I failed to solve it because:

  1. Tried reducing to partition optimization problem, realize it has no easy/efficient solution

  2. Saw the simple greedy insight for small case, and yet, I was not able to prove it.

The excercise proof from contest analysis

Given there exists an optimal solution where all but 0 or 1 of each problem solutions belong to advancers. We claim F(C,n) = sum(S)/C

Proof: Induction on the value of F(C,n) = k

notice there we can not have more than C problems whose solutions has 1 unused by advancers. Otherwise, we can advance 1 more instead. By this fact, we also know at least N-C + 1 problems whose solutions are used by all advancers.

If we take out 1 solve from C problems, while ensuring we take out ones from ones with solutions unused by advancers.

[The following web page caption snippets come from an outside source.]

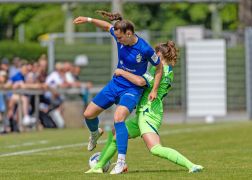 FC Carl Zeiss Jena VfL Wolfsburg II 14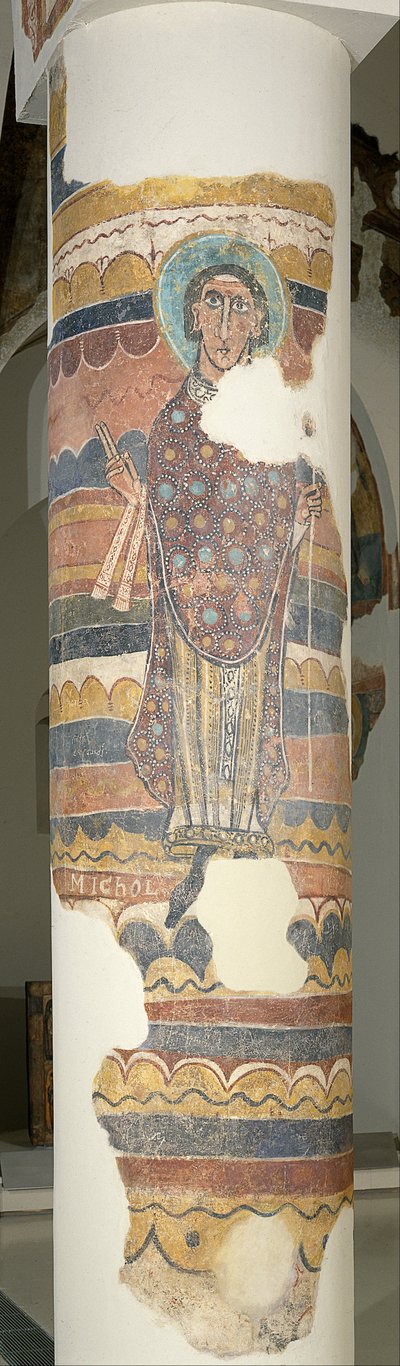 San Nicola da Santa Maria de Taüll da Unbekannt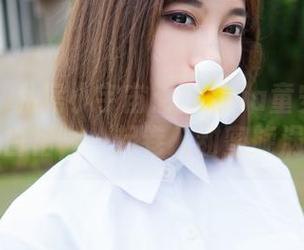 魅妍社 – 私房小宇宙：Olivia童安琪和她的白裙，一起卷入甜蜜旋涡！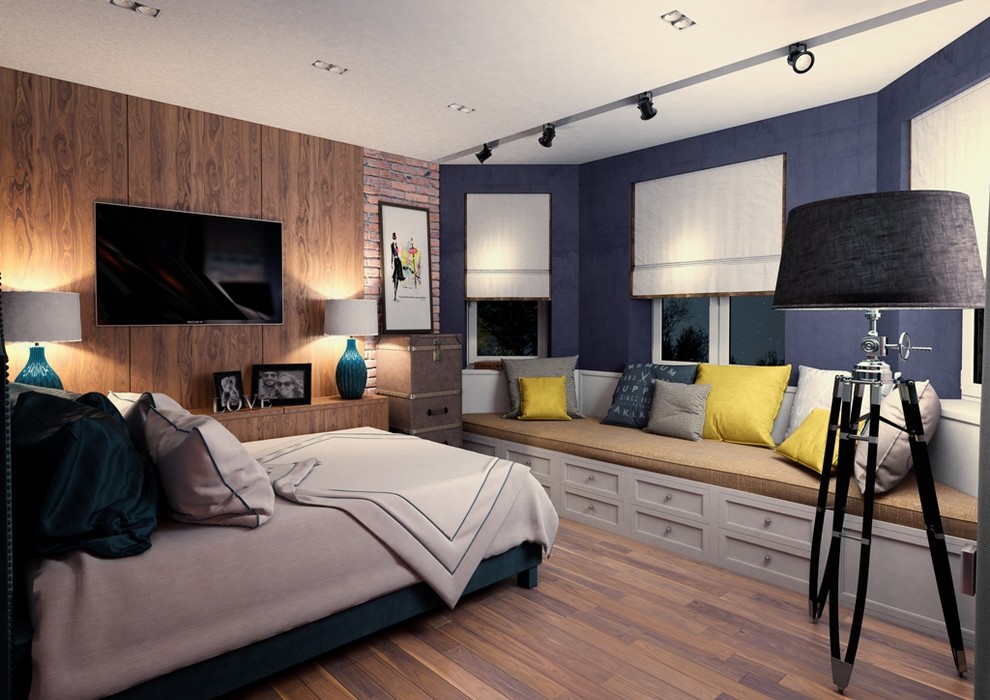 Загородный дом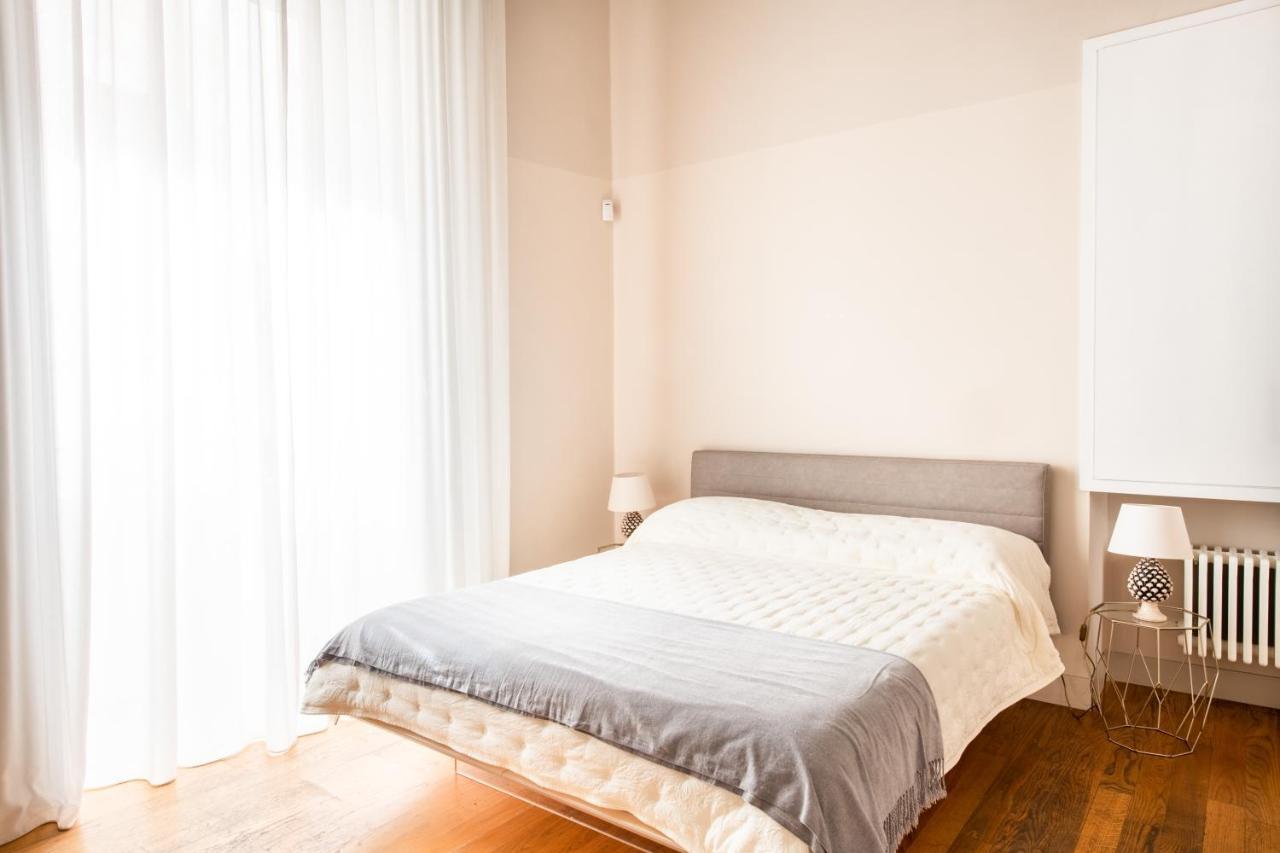 Moncada Suites & Apartments Palermo Buitenkant foto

We know that we will end up with a state where

  1. the problems with unused solutions now all become fully used

  2. some of the problems without unused solutions become with 1, unused solution, but this number <= C, because we make C changes in total

i.e., we reach the inductive state for k - 1. Adding these C solves back gives the result we need.

Proof of correctness for the divide and cap solution

Sort S, when k = sum(S)/C, and s[N] <= k, then F(C,n) = k

Proof: The general idea is similar to the one above

Induction on k,

Base case k = 0. Trivial

k case: Take 1 entries off from s[N-C +1] to S[N], kNew = k-1 = sum(SNew)/C

Because sum(S) = C * K, there are less than C entries with s[i] = k, otherwise, sum(S[i[) > sum(S) i.e., our operation ensures all S[i] <= k - 1, k-1 = sum(SNew)/C, by induction, at this time, F(C, n) = k - 1. Now we add the 1 entries back, allows one more to advance, i.e., F(C,n) = k.